And the ironic part is this: I opened a Facebook (and Twitter and Instagram and email) account – again, on purpose! I filled out all those boxes and picked a name and a “unique” password, started taking photographs and devising witty, heartfelt, opinionated posts to impress the world.
But primarily I did this all to stay informed and connected. Which is clearly not happening. Not at all.
Because so often, even while doing something I choose, I feel distracted and unconnected to it.
This is not because I always say “Yes” and find myself swamped with doing. It’s not because there is so much tugging at my shirtsleeves or time. It’s not because I haven’t said “No” to people and events and ministries that are too much. It’s not something “out there” that I need to avoid. It’s not the struggle of “being present” that plagues so many of my friends.
It’s because I’m living an inch deep and a mile wide.
I don’t know why or what keeps me anxious or looking for the next post. Why I keep buying books I want to read, but waiting only for the next recommendation. Why I can’t linger over the updates, words of wisdom, questions, requests cries for help, and “hallelujahs!”
However, my lovelies, I may have a solution. It’s not genius and does not involve significant sacrifice. In fact, it’s pretty simple.
Pare down and focus.
In other words, opt out. And I’m going to do it slowly, because haste is what got me into this mess.
For starters, I’ll opt out of “following” people and organizations I don’t really know, or bother to read about, or perhaps even care about. Opt out of “important” business email notifications that I neither use or need. Opt out of distant connections to writers who are “friends” only because they know her or him and it may lead to something else, as in “it’s all in who you know”.

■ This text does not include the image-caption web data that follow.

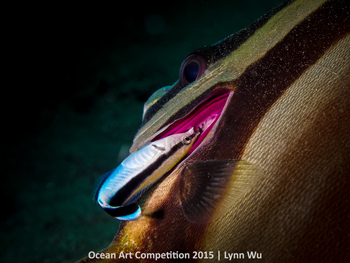 "Symbiotic Relationship" HM – Lynn Wu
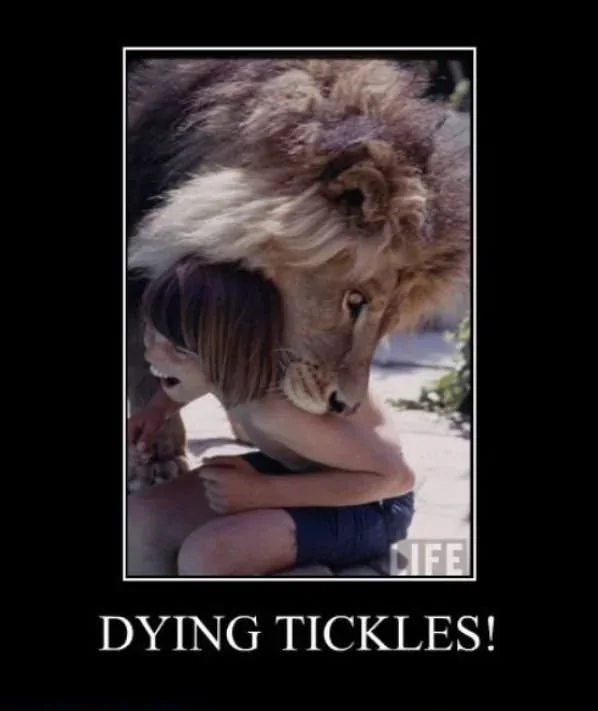 Ford Bronco Sport Daily dose of funny Dying_Tickles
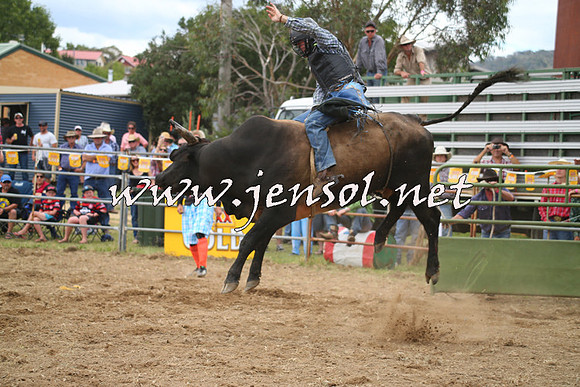 JindabyneRodeo2014_0594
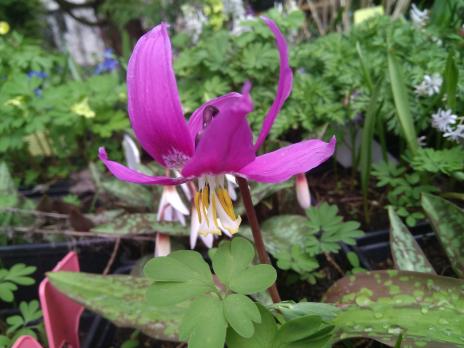 Кандык Rosea (Сибирский)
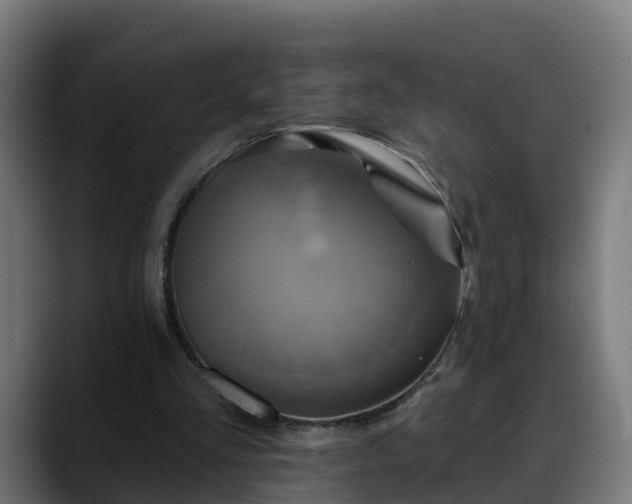 X0000088470293200705291554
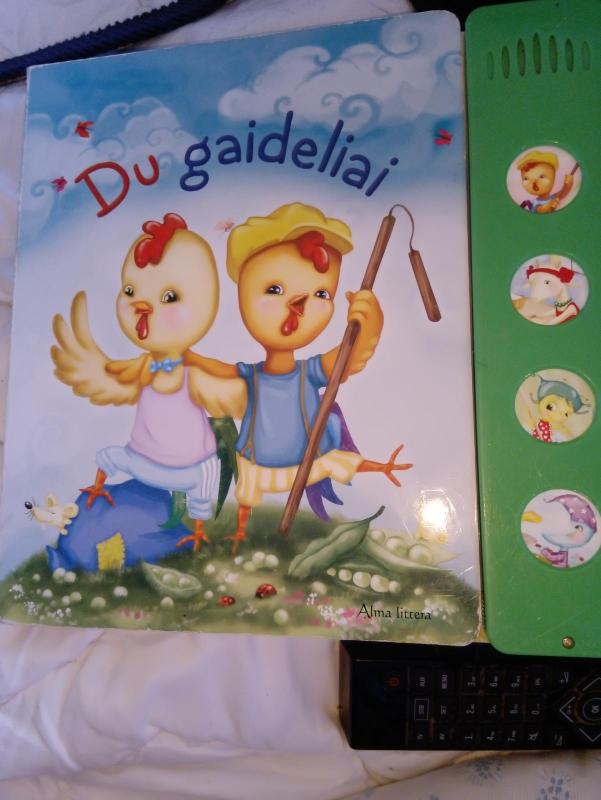 Du gaideliai - Autorių Kolektyvas, knyga 5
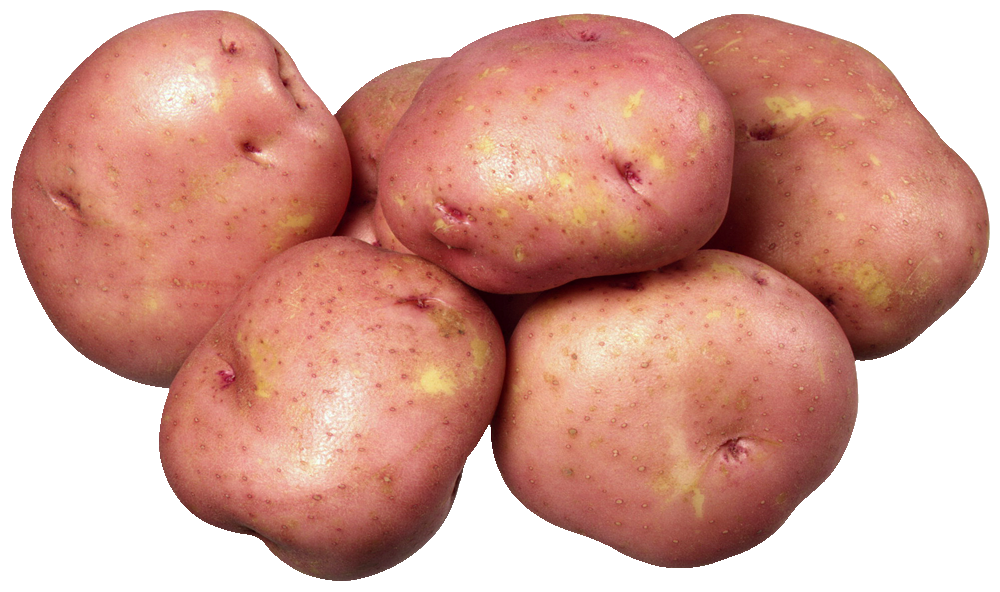 Potato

I’ll cut ties with anything that, for me, offers nothing but a brief moment of wading ankle deep in the shallow end of friendship and caring.
And then I’ll use that time and energy to dig deeper into relationships, and business opportunities, and a writing community where I can serve and be served in real ways, consistently and with meaning. And read the books, both old and new, that will feed my soul. And the blog posts that challenge me to look beyond the title or tag line.
I’ll say, “Oh, I read that!” – and not, “Oh, I saw that, but…”
I’ll add to the conversation instead of clicking a phony “like” after I skim briefly over hard-won or painful words. Or words that make me cringe or clench my fists.
So, here’s my plan: No distracted rushing. Opt out of the rubble. Create time and space to “encourage … and build you up.” (1 Thessalonians 5:11)
I want more than a brief moment of wading ankle deep in the shallow end of friendship. Click to Tweet
Nancy, I could not agree with you more. God called me off Facebook for the month of January. It was difficult not to be in the midst of the updates and prayer requests etc, but I didn’t miss the press of needing to respond or create. I have had time to dig deeper into friendships through emails, phone calls, and coffee dates. I did have time to read some of the books piled on my table that I’d ordered but had no more than a chapter read previously. I made more time to be present with God, with my husband, and with others. I too whittled away at ‘liked’ pages and endless email promotions from people and organizations I no longer felt connected. It’s been freeing and fruitful.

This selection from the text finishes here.